One characteristic that defines DMA is its unique expertise in managing the development of casinos and gaming properties. During a recession, the economics of the gaming industry have typically mirrored that of the economic climate on the whole. The work that DMA is involved with, however, is the exception. “It just so happens that the people we know and work with, Rush Street Gaming, have been very active over the recent down turn,” Porter says.
Developer Development Management Associates
Owner Midwest Gaming & Entertainment
Architect Klai Juba Architects
Interior Designer Cleo Design
The Rivers Casino in Des Plaines, located on 20 acres at the northwest corner of Des Plaines River Road and Devon Avenue, opened last July. Building a sustainable casino, one that could potentially become LEED certified, was part of the dialogue from the beginning and something that was embraced by the entire team. “We always had the idea of pursuing LEED in the back of our minds. What gave us the push we needed was the support from the ownership and the City of Des Plaines,” says Jason Westrope, a development manager and LEED AP at DMA. The casino is predicting 27 percent energy savings through the use of green technologies.
That amount is magnified due to the nature of a casino. “When you’re operating a casino 22 hours out of the day and 365 days a year, any incremental savings is going to make a big difference to your bottom line,” Westrope says.
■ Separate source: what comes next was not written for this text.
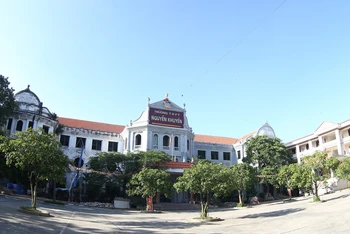 Trường THPT Nguyễn Khuyến, Nam Định. (Ảnh: Trang điện tử Trường THPT Nguyễn Khuyến)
One of the most notable features of the casino is actually the parking garage. Installing LED lights throughout has made it the largest garage by square feet in the county to be lit completely by LED lighting and has reduced the electrical service to the garage from 1,200 amps to 800 amps.
Another important effort was to divert 90 percent of all construction waste away from landfills, an amount that totaled 35,330 tons of material. Features that are more visible to the everyday patron are the skylights that let in natural daylight on the 43,000-square-foot casino floor and living green walls both inside and outside of the building. Rivers Casino also offers free valet parking service to anyone who pulls up in an electric or hybrid vehicle, electric-car-charging stations, and a free shuttle from the Chicago El, encouraging public transportation.
Certification LEED Gold
Recycling 35,330 tons of debris were diverted from the landfill
Parking Garage Use of LEDs reduced necessary amps from 1,200 to 800
Interior Skylights bring in daylight, while living walls are featured inside and out
Greening recreational and gaming facilities hasn’t been adopted as quickly or as readily as other types of structures. “The adoption of sustainable principles by industry sector has had a lot to do with how challenging the particular curve was,” Westrope says. “The early adopters, commercial office spaces, were building mainly core-and-shell structures where a lot of the energy consumption is tenant driven. Casinos are largely wholly owned and occupied, and they are large energy consumers.” Recreational facilities also are patron-driven as far as amenities and preference; as the consumer changes so will the level of sustainable features.
While work in the gaming industry is a unique niche that DMA continues to be proud of, it has a wide range as a developer, and its principals have been involved in some of the more notable retail projects in Illinois, including Water Tower Place and 900 North Michigan. They’ve also managed the installation of thousands of square feet of Chicago’s famous green roofs. Most recently Development Management Associates worked on the Barney’s New York flagship store in Chicago, a five-story luxury retail space including a penthouse restaurant and a 6,000-square-foot green roof. “We try to fold green ideas into every project we take on,” Westrope says.
Proficiency in a variety of project types and the willingness to take on the sustainable challenges of the gaming industry has served DMA well over its first five years. “You can do quality projects at any scale,” Porter says. “And all quality projects are sustainable.”